Rating - 4/5 - For what it was, Meg was really good. It was suspenseful, fun, and an intense page-turner, but it was nothing thought-provoking. No one picks up books like this for its deep thematic elements anyway. ;) There are three more books that follow the events of this one, and Meg has left me satisfied enough to at least pick up the next one. It has another shark on the cover. I’m intrigued.

Ghost Camp by R.L. Stine

Harry and his brother, Alex, are dying to fit in at Camp Spirit Moon. But the camp has so many weird traditions. Like the goofy camp salute. The odd camp greeting. And the way the old campers love to play jokes on the new campers.

Goosebumps #45: Ghost Camp

Then the jokes start to get really serious. Really creepy. Really scary. First a girl sticks her arm in the campfire. Then a boy jams a pole through his foot. Still, they’re just jokes . . . right?

I used to read Goosebumps a lot as a child before I discovered Animorphs.  I never read Ghost Camp, though. I had a random attack of nostalgia and picked up two random Goosebumps books from Barnes and Noble tonight. This one was a short and cute read.

I thought the idea was genuinely interesting and a bit creepy, both qualities I would look for in a Goosebumps book. I think a fifth or sixth grader would enjoy this book a lot more than I did, but it made me smile, so it wasn’t all bad.

As for negatives in the book, there was little to no character development. The protagonist’s little brother Alex had more qualities about him that stood out than did Harry who narrated the novel. We learn that Alex has a beautiful singing voice and that Harry is a little jealous of him for it.  We also learn that Harry can beat Alex in sports. That’s the extent of Harry’s character for us. I think not knowing much about Harry made it hard for me to care what was happening to him. I cared more about Alex who was going through the same events. Maybe he should have narrated the story. Also, some description of events came off really awkward. While I knew what was happening to Harry through context, the writing didn’t help me picture it as well as it could have.

Rating – 3/5 – For a children’s book, this wasn’t bad. I would have rated it higher if it had more character development and stronger description. The book’s strength is definitely its unique story. I would recommend this to any middle-schooler or 23 year old.

Off Season by Jack Ketchum

September. A beautiful New York editor retreats to a lonely cabin on a hill in the quiet Maine beach town of Dead River — off season — awaiting her sister and friends. Nearby, a savage human family with a taste for flesh lurks in the darkening woods, watching, waiting, for the moon to rise and night to fall….

Off Season

And before too many hours pass, five civilized, sophisticated people and a tired old country sheriff will learn just how primitive we all are beneath the surface…and that there are no limits at all to the will to survive.

I never read Jack Ketchum’s stuff before, so I really didn’t know what to expect. This is most definitely the most disturbing book I have ever read, though. Was it entertaining? Yeah, because I love the horror genre, but there were parts of the book I had to put the book down and take a break from after reading.

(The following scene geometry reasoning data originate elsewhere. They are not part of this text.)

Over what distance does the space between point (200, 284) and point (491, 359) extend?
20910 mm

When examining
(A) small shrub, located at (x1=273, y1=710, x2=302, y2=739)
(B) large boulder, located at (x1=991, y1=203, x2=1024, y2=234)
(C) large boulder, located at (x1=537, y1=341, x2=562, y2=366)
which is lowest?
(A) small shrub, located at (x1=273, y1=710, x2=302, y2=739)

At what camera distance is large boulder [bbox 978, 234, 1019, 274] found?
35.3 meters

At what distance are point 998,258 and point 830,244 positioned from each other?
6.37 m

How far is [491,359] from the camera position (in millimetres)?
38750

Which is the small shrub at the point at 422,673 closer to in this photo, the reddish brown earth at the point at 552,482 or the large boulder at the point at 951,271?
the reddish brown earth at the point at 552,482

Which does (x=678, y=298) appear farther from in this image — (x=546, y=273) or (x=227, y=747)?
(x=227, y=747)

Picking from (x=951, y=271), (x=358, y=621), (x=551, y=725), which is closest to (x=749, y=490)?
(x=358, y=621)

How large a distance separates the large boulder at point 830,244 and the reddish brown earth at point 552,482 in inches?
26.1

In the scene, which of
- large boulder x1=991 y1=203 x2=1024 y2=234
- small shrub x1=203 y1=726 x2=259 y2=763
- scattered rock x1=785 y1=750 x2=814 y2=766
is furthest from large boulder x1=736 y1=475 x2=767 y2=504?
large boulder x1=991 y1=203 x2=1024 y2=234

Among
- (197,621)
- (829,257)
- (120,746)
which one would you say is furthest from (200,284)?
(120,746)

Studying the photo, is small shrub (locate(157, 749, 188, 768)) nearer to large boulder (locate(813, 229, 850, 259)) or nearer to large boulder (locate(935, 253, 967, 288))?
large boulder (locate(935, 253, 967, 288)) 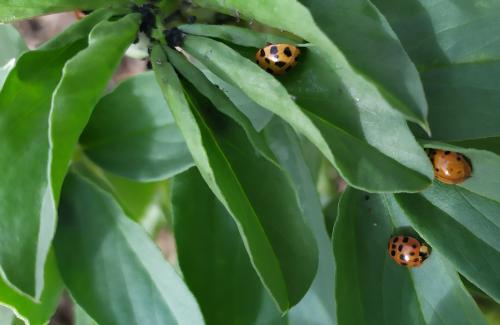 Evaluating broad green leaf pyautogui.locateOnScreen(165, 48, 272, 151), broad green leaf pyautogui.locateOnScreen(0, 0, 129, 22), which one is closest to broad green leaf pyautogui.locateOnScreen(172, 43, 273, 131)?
broad green leaf pyautogui.locateOnScreen(165, 48, 272, 151)

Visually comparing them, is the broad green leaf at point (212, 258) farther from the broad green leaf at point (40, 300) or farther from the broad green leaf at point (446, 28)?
the broad green leaf at point (446, 28)

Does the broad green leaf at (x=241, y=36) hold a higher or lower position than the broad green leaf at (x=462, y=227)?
higher

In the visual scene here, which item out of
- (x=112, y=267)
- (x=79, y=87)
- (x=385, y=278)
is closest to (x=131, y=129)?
(x=112, y=267)

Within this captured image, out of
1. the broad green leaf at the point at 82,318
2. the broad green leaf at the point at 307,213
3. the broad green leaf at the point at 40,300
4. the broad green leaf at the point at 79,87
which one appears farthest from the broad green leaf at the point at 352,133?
the broad green leaf at the point at 82,318

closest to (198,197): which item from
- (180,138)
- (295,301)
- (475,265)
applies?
(180,138)

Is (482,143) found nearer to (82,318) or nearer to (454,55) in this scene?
(454,55)

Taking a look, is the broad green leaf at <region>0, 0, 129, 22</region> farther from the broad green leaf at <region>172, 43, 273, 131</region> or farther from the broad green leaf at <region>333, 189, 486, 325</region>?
the broad green leaf at <region>333, 189, 486, 325</region> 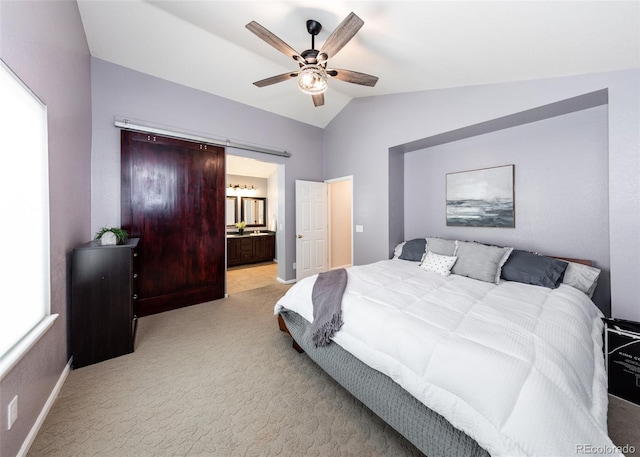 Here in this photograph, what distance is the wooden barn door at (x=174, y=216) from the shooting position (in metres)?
3.10

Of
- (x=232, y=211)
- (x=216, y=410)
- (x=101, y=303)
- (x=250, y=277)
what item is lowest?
(x=216, y=410)

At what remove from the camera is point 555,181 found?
2.64 meters

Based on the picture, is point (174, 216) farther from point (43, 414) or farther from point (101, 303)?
point (43, 414)

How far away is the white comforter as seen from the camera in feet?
2.97

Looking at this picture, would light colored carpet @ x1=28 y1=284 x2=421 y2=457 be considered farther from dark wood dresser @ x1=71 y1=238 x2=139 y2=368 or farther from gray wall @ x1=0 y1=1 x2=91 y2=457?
gray wall @ x1=0 y1=1 x2=91 y2=457

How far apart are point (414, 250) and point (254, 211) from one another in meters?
4.68

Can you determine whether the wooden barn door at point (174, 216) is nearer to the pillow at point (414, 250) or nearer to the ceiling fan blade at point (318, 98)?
the ceiling fan blade at point (318, 98)

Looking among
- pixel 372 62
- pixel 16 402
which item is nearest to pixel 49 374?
pixel 16 402

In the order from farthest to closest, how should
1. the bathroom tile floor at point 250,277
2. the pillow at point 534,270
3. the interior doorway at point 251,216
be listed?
1. the interior doorway at point 251,216
2. the bathroom tile floor at point 250,277
3. the pillow at point 534,270

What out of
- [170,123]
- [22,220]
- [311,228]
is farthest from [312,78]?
[311,228]

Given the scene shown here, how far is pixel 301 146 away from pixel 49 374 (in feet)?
14.1

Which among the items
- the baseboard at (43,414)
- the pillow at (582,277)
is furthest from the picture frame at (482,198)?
the baseboard at (43,414)

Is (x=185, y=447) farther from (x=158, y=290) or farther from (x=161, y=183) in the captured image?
(x=161, y=183)

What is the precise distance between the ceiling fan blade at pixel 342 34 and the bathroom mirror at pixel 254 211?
5.00m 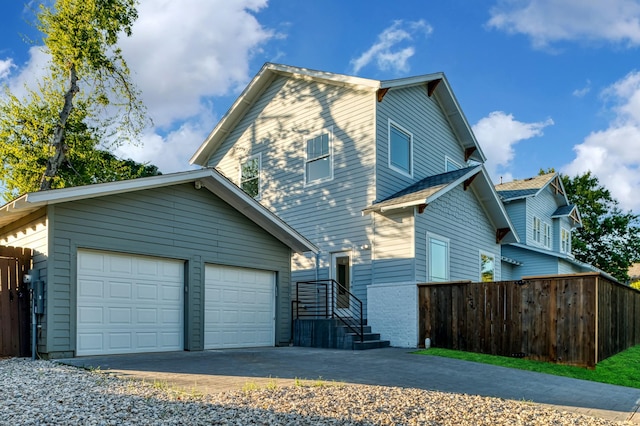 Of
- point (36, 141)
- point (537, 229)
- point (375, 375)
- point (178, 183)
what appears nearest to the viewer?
point (375, 375)

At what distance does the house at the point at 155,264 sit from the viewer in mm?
9945

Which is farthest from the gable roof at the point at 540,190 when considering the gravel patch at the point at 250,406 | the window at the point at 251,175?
the gravel patch at the point at 250,406

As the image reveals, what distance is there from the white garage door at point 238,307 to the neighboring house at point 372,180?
2803mm

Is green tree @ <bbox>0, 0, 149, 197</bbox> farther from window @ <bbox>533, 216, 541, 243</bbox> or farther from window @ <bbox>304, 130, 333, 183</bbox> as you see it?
window @ <bbox>533, 216, 541, 243</bbox>

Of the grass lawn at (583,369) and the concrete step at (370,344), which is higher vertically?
the grass lawn at (583,369)

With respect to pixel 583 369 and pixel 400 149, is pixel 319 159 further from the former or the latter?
pixel 583 369

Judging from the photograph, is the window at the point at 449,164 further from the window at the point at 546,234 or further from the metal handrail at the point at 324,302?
the window at the point at 546,234

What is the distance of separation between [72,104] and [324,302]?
45.6ft

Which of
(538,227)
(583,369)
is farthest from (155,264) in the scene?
(538,227)

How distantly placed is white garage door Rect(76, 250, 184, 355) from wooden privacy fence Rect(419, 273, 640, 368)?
6277 mm

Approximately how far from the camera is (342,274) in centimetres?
1633

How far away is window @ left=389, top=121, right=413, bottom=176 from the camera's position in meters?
16.0

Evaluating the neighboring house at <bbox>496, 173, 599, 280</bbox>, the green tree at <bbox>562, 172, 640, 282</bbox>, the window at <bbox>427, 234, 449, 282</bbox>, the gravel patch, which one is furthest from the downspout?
the green tree at <bbox>562, 172, 640, 282</bbox>

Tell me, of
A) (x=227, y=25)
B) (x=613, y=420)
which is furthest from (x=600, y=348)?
(x=227, y=25) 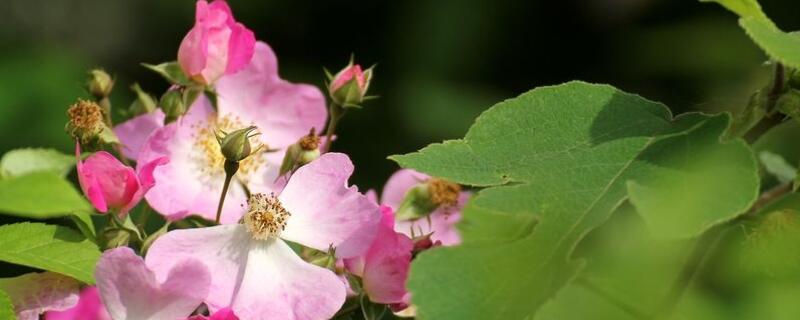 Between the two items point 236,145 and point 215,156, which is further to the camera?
point 215,156

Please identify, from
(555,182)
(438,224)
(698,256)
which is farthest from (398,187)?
(698,256)

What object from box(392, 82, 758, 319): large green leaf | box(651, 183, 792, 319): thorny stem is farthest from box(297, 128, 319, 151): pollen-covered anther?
box(651, 183, 792, 319): thorny stem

The book was overall really well written to be Jack Ketchum’s first though. Too bad it wasn’t well received when it came out; it’s a classic in horror literature today.

Apparently I read the unedited and unabridged version of the novel. I’m curious to how clean the original is, because a lot of the book is very open, talking about sex and murder freely, and when it came out in the 80s it was called pornographic violence. I actually didn’t mind the sex scenes, because really, how many good horror movies have you watched where characters don’t have sex? And the death scenes were really chilling. Ketchum makes you care about the characters before they die, and I think it’s really effective.

The book didn’t really take off for me until about page 100, but I couldn’t put it down after that, and the first 100 pages aren’t boring.

Rating – 4/5 - I can understand why people wouldn’t like this book, and I think it would really come down to personal preference, but I thoroughly enjoyed it.